Nous bénéficions d’un soutien financier de 4 ans. Lorsque j’ai proposé mon projet en recherche fondamentale en 2020, j’allais explorer de nouvelles voies. Je me suis basé sur les connaissances existantes. Lors de ces 3 dernières années, de nouvelles opportunités technologiques ont émergé. Cela évolue très très vite. La Fondation contre le Cancer, nous permet de nous adapter et d’ajuster notre plan de départ pour explorer ces nouvelles opportunités.
Nous sommes dans une période où les opportunités technologiques sont énormes. Le problème, ce n’est pas quoi faire mais plutôt d’établir les priorités parmi de nombreuses approches qui sont potentiellement révolutionnaires. J’ai développé une approche spécifique, mais il y en a bien sûr d’autres.
Un message pour les donateurs ?
A l’heure actuelle, certains cancers sont beaucoup mieux soignés. Par exemple, la majorité des cancers pédiatriques sont devenus traitables. Et ces progrès sont un résultat direct de la recherche. Ce n’est malheureusement pas le cas pour d’autres cancers comme celui du pancréas. Soit on se satisfait de cet état des choses, soit on agit. La question est : comment agir ? Il n’y a qu’une seule démarche possible : mieux comprendre ces maladies.
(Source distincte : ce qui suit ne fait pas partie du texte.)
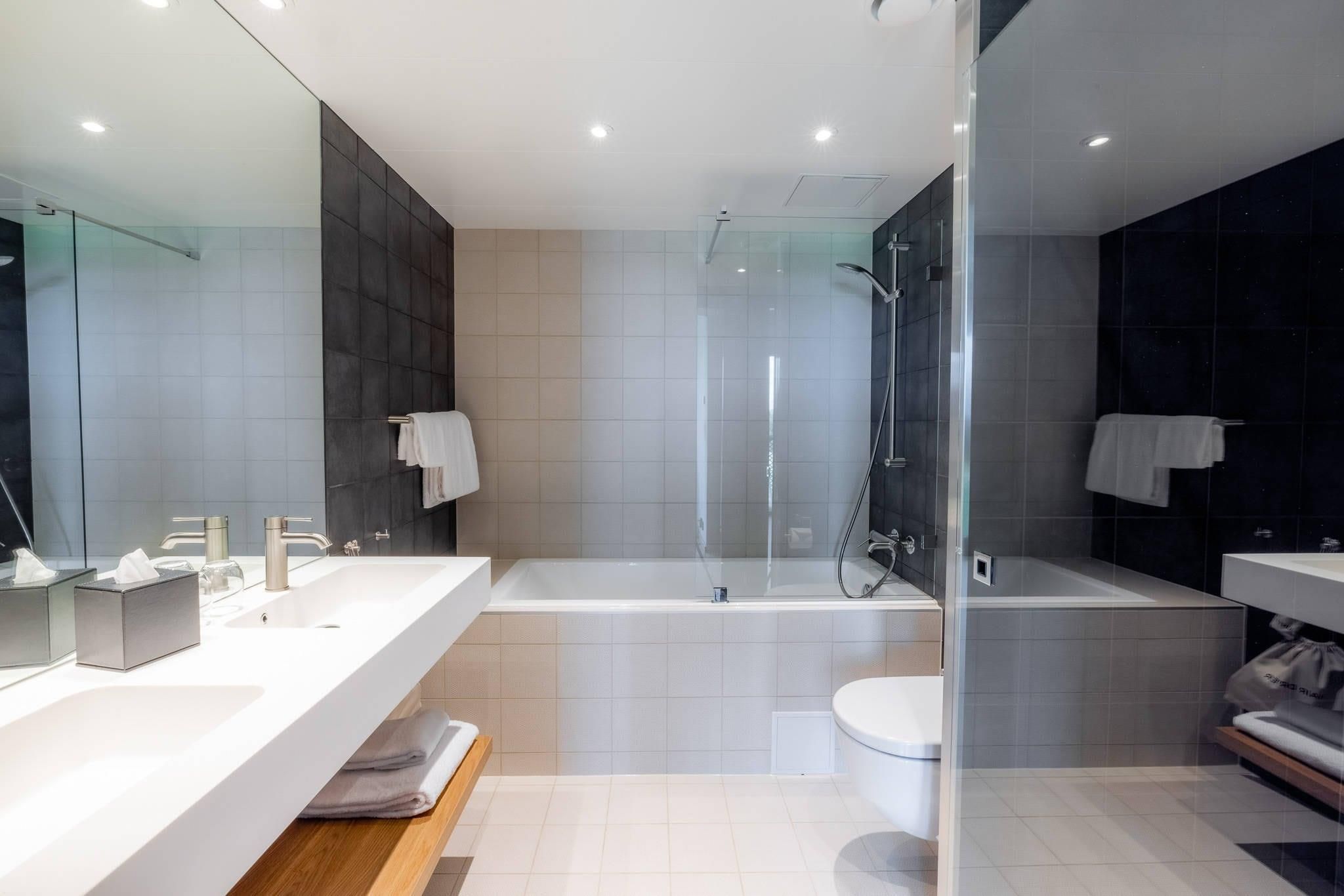 Un baño moderno con una bañera grande, una zona de ducha independiente y un lavabo con espejo.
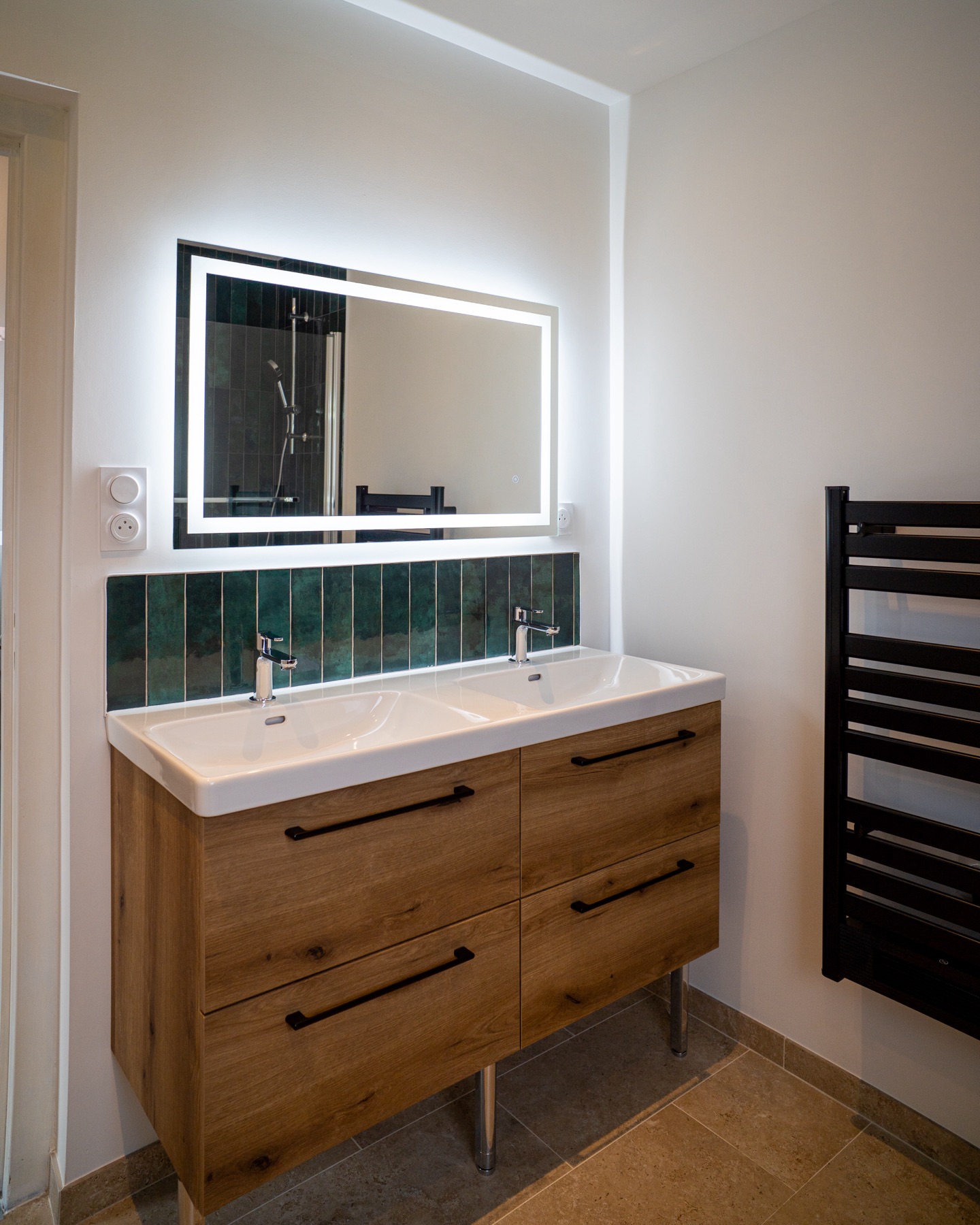 Meuble double vasque bois et miroir lumineux dans la salle de bain rénovée
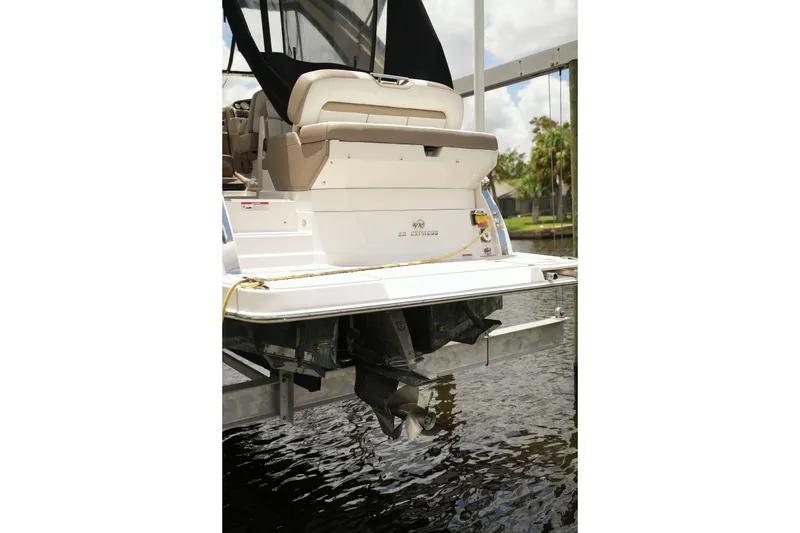 Slide: The Image of Rear view of a 2018 Regal 28 Express boat docked by the water. - 8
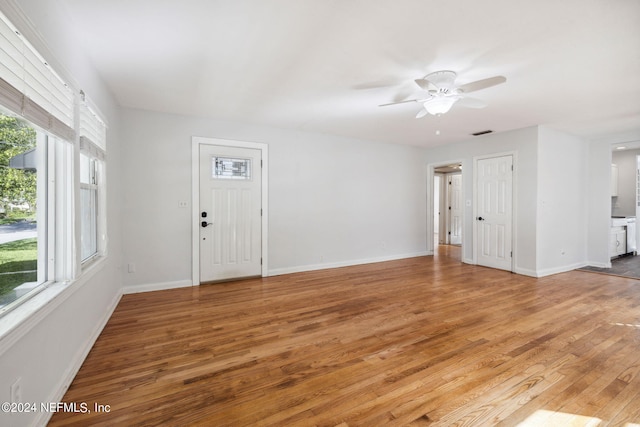 unfurnished living room featuring light wood-type flooring, ceiling fan, and a wealth of natural light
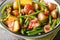 Warm jacket potato salad with bacon and green beans close-up in a bowl. Horizontal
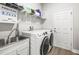 Well-organized laundry room with sink, storage, and modern washer and dryer for added convenience at 10920 Flint Estates Dr, Thonotosassa, FL 33592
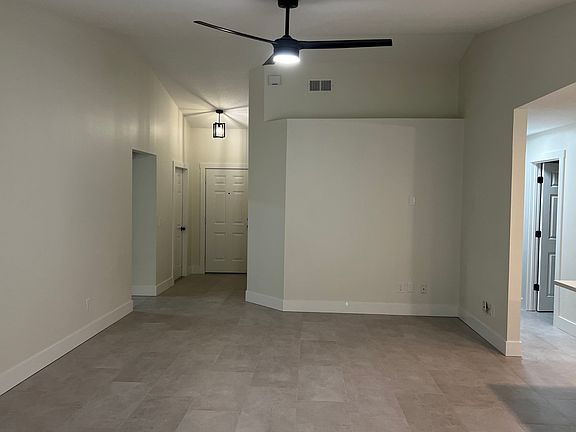 Welcoming entryway with new lighting and fan with multiple lighting and fan features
La seule voie pour avancer dans cette compréhension est la recherche fondamentale. Elle seule peut suggérer des modes d’action concrets exploitables ensuite en recherche translationnelle et clinique pour développer les traitements.
Je tenais à remercier les donateurs de la Fondation contre le Cancer. Je voulais leur dire que s’ils soutiennent la Fondation contre le Cancer, ce n’est pas par hasard. Ils ont probablement une histoire personnelle, tout comme moi, avec le cancer. Je les comprends, nous avons vécu la même chose. Leur contribution est indispensable pour nous chercheurs. Car pour avancer dans ma recherche, j’ai besoin de moyens techniques mais également de personnel. Grâce à eux, nous avançons dans la compréhension de la maladie tout en formant les jeunes chercheurs.